奥邃さんの「まこと」
新井奥邃(あらい おうすい)さんが「影響」を「かげひびき」と読んだことは、
このブログにも書きましたが、
この「影(かげ)」、
「影」という漢字にしても、「かげ」という平仮名にしても、
暗いところを表す「影(かげ)」というより、
もともとは光を表す、
ということに重点を置いて考えた方がいいように思います。
月影の「かげ」、面影の「かげ」、
かぎろひの「kag-」、かがやくの「kag-」、
鏡(かがみ)の「kag-」。
また、
影という字には「日」があり「京」がある。
「日」は太陽、
「京」は、
白川静さんによれば、
「アーチ状の凱旋門で、上に望楼をおく」。
すると、
「景」は、望楼から太陽を拝む、
のイメージ。
「彡(さん)」は降りそそぐ感じかな。
『新井奥邃著作集』第六巻の口絵に、
奥邃さんに委嘱され柳敬助さんが描いた「天界図」を収録しました。
これは、
「輝ける天界の一方面を描写」しようとした
ものであったそうで、
これまた「kag-」を含んでいます。
奥邃さん、
きっとかがやく光が好きだったんでしょう。
ちょっと話が飛びますが、
奥邃さんと同行した人に長沢鼎さんがいて、
長沢さんはその後、
「カリフォルニアのワイン王」「葡萄王」と称されるようになります。
ワインづくりのもとであるブドウの栽培と太陽は、
切っても切れない関係にある
ようです。
奥邃さんもカリフォリニアの空を仰いだか。
ここで思い出すのが、
かつてヒットしたアルバート・ハモンドの『カリフォルニアの青い空』。
1972年リリース。
もう五十年も経ったんですね。
さらに。
わたしが大学に合格し、
仙台に暮らすようになってまず驚いたのは、
同じ東北なのに、
冬の空がこんなにも違っているか
ということ。
日本海側の冬の空が多くどんよりしているのに、
太平洋側の冬の空のなんと明るいこと明るいこと。
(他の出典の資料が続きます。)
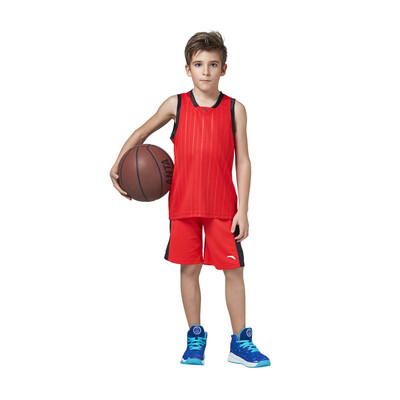 

Anta (ANTA) children's clothing boy basketball game set children's sports leisure two-piece suit 35724101 big red 160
気分がスカッと晴れる。
八木山から仰ぐ青空は、
いまも目に焼くついています。
奥邃さんは仙台藩のご出身。
とこう書いてきたことは、
エビデンスに基づかない
わたしの単なる連想ではありますが、
奥邃さんの文章を初めて読んだとき、
その後幾度となく読んできた読んでいるときの印象と、
ピタリ一致します。
うす暗く深々としたところにある真理でなく、
かがやく明るさに充たされた真理
とでもいったらいいでしょうか。
奥邃さんのことばに
「暗夜はこれ永久ならず。我は真の来るを待つ」
がありますが、
この「真(まこと)」は輝く光であり、
儒教の「まこと」ともひびいていると思います。